• What you will do
Your output should be the lines below from the one with "สัญญาเตือนจากโรคร้าย หนังหัวลอก คันหนังศรีษะ" through the one with "Doctor looking at a brain scan", copied exactly, pictures excluded.

• Supplied information
━━━━

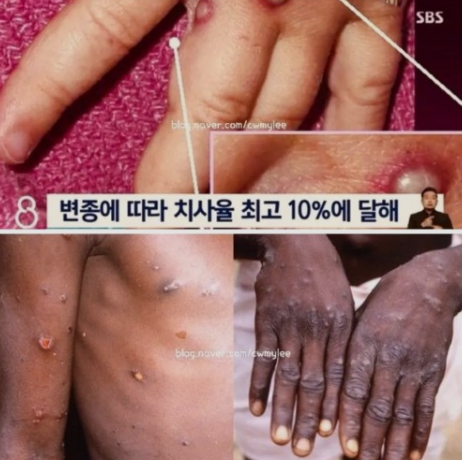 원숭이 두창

━━━━

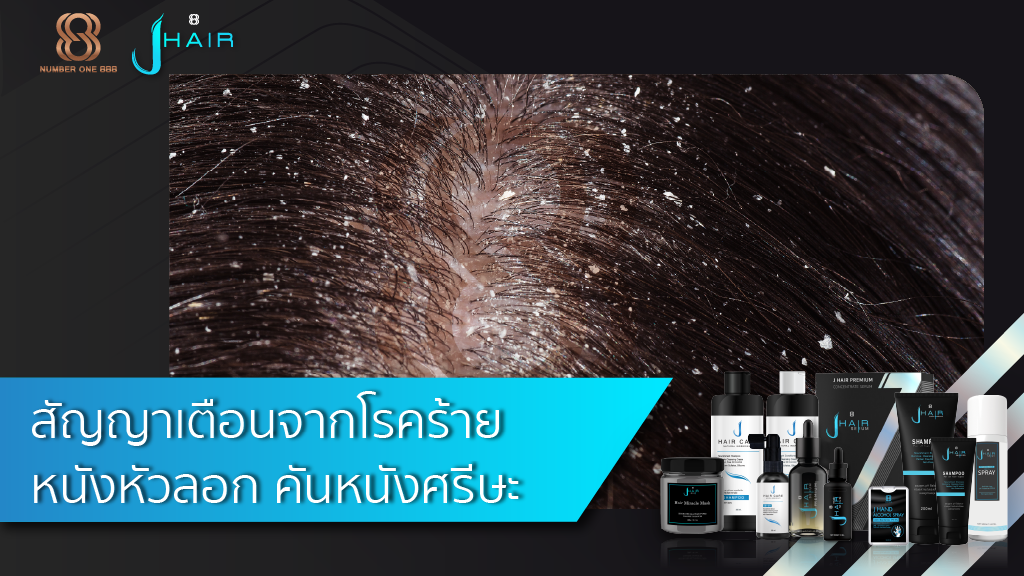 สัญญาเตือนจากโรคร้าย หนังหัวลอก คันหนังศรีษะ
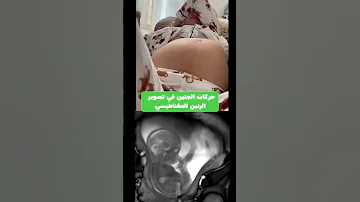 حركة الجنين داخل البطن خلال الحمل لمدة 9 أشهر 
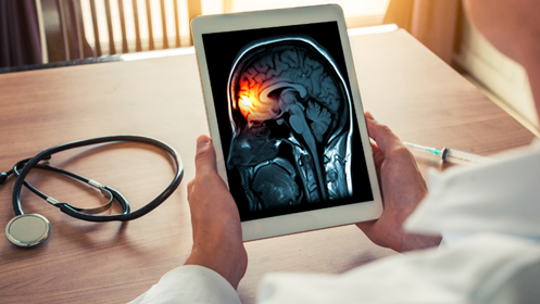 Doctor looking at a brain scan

━━━━

• Output of the task
 สัญญาเตือนจากโรคร้าย หนังหัวลอก คันหนังศรีษะ
 حركة الجنين داخل البطن خلال الحمل لمدة 9 أشهر 
 Doctor looking at a brain scan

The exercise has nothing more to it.